# Botany Bay - 27 December 2006



## deano (Nov 26, 2006)

Short notice - but I will be heading out into Botany Bay early tomorrow morning after getting some live bait (poddy mullet) near the airport runways. I intend to troll the baits around the rockwalls at the airport and surrounding area.

I will be launching at around 7am from the upstream ramp located in between the airport and the Patrick's Port Botany facility (Penrhyn Rd - off Foreshore Rd).

I will check the forum later tonight before going to bed so please let me know if anyone is interested.


----------



## Davey G (Jan 15, 2006)

i'm planning on heading out from kurnell in the morning around 5.30-6am and will be heading outside the heads chasing kingies etc.

maybe meet up on the water?


----------



## Peril (Sep 5, 2005)

BoM said:


> Sydney Coastal Waters,Broken Bay to Port Hacking and 60nm seawards:
> Tuesday until midnight: Wind: SW/SE 10/15 knots.Sea: 1 to 1.5 metres.
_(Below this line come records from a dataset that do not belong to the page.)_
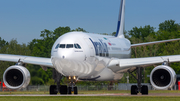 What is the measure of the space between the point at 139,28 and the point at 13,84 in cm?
7079

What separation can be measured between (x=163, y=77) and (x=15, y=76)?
951 cm

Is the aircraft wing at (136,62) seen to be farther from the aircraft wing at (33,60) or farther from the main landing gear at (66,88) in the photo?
the aircraft wing at (33,60)

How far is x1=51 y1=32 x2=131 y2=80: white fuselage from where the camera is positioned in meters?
22.5

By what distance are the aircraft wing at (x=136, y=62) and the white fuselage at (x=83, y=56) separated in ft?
1.44

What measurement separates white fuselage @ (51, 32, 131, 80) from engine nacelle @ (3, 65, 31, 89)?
8.38 feet

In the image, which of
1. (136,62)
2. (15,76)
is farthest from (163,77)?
(15,76)

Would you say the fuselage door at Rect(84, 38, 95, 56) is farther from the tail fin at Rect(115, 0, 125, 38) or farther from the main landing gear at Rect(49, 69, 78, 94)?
the tail fin at Rect(115, 0, 125, 38)

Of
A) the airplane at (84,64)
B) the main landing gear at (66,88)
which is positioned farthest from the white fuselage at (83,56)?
the main landing gear at (66,88)

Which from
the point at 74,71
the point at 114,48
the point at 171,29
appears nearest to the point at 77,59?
the point at 74,71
Swell:
> S 4 to 5 metres.
> Wednesday: Wind: S/SW 10/15 knots, tending E/SE 10/15 knots in the afternoon.
> ...


Davey, you heading out into that?


----------



## deano (Nov 26, 2006)

I'd love to catch up on the water Davey, but given the conditions I thought the airport seawall might give some protection. I have attached a jpeg of my planned route (obviously subject to change with weather/fish/bird activity) - if you are in the area please feel free to join me - I will have plenty of poddy mullet if you need some live bait.


----------



## Russ (Feb 24, 2006)

Which is the third runway the one on the left or right ?

 fishing Russ


----------